Australia's Best Suburbs for Outdoor Living — Parks, Trails & Green Space
10 June 2026 · SuburbCheck
We ranked every Australian suburb by access to parks, green space, trails, bike paths and dog parks using OpenStreetMap data. Darwin and Canberra lead the country. See the top outdoor-living suburbs in Sydney, Melbourne, Brisbane, Adelaide and Perth.
Parks to walk the dog, a trail for a weekend ride, green space to throw down a picnic blanket — outdoor access shapes daily life as much as any commute time. So we ranked every Australian suburb on it, using OpenStreetMap data for parks, nature reserves, trails, bike paths, dog parks and more.
How the Outdoor Score works
The Outdoor Score is a 0–100 national percentile led by the two things that matter most — parks and nature reserves — with bike paths, hiking trails, dog parks, picnic areas and skate parks adding to it. Everything is counted within about 3km of the suburb centre, per 1,000 residents, and ranked against the whole country. A score of 80 or above means a suburb is in the national top 20% for outdoor access.
One deliberate choice: the score does not include beaches. Coastal access is its own thing, and every suburb profile already shows the distance to the nearest beach. Folding beaches into the Outdoor Score would let a sandy suburb with no parks outrank a genuinely green one.

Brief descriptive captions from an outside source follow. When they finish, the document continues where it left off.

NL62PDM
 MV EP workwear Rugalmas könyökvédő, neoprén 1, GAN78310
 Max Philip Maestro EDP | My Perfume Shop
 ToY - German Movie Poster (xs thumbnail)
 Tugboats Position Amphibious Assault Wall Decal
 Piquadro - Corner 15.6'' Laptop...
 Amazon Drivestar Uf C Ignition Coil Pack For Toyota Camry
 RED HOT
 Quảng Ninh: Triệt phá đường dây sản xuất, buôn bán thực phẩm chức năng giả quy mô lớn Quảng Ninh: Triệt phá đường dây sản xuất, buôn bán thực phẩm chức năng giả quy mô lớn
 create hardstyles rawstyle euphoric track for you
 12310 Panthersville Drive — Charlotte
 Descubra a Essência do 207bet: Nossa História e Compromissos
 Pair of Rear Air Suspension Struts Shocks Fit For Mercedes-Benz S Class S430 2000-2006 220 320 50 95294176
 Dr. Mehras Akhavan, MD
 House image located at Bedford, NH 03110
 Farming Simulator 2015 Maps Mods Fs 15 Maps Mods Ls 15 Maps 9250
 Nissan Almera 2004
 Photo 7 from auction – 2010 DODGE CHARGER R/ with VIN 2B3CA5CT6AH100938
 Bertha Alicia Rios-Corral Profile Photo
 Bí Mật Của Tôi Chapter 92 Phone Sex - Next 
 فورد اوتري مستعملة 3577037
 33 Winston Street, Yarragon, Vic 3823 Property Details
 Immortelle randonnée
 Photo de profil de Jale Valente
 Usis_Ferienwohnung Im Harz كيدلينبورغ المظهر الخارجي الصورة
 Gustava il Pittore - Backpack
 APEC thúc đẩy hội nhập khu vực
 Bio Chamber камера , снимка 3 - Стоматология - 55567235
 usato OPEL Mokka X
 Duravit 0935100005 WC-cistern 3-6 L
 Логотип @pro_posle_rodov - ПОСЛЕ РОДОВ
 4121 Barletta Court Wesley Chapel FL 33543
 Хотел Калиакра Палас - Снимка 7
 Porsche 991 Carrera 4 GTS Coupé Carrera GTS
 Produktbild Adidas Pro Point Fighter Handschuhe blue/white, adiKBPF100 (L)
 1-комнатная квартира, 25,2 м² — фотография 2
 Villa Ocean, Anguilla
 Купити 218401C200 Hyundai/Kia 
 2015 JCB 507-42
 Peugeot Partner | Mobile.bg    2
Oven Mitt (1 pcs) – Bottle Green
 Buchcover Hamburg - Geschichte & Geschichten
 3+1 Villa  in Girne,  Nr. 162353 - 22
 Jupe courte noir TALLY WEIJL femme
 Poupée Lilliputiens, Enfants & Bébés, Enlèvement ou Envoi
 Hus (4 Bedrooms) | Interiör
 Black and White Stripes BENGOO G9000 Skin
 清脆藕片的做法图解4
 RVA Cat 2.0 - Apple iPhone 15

Darwin and Canberra lead the country
The city chart tells the story: Darwin tops the median Outdoor Score (around 88), with Canberra close behind (81) and Adelaide third (77). Then come Sydney (65), Perth (60), Hobart (59), Brisbane (55) and — last among the capitals — Melbourne (52).
Darwin's tropical parklands and reserves and Canberra's planned green belts are doing exactly what they were designed to. Melbourne's low median is less about a lack of famous parks and more about its vast, tightly built suburban spread, where many residential suburbs sit some distance from a major reserve.
The best outdoor suburbs in each city
- Sydney: the harbour and inner west dominate — Lavender Bay, Balmain East, Woolwich, Millers Point, Eveleigh, Beaconsfield and Sydenham all score at or near 100. See the best outdoor suburbs in Sydney.
- Melbourne: Burnley, Essendon West, Kooyong and Princes Hill — inner suburbs hard up against the Yarra and the city's big parklands. See Melbourne's best outdoor suburbs.
- Brisbane: Petrie Terrace, West Ipswich, Dutton Park and Stones Corner lead, near the river and South Brisbane's green corridors. See Brisbane's best outdoor suburbs.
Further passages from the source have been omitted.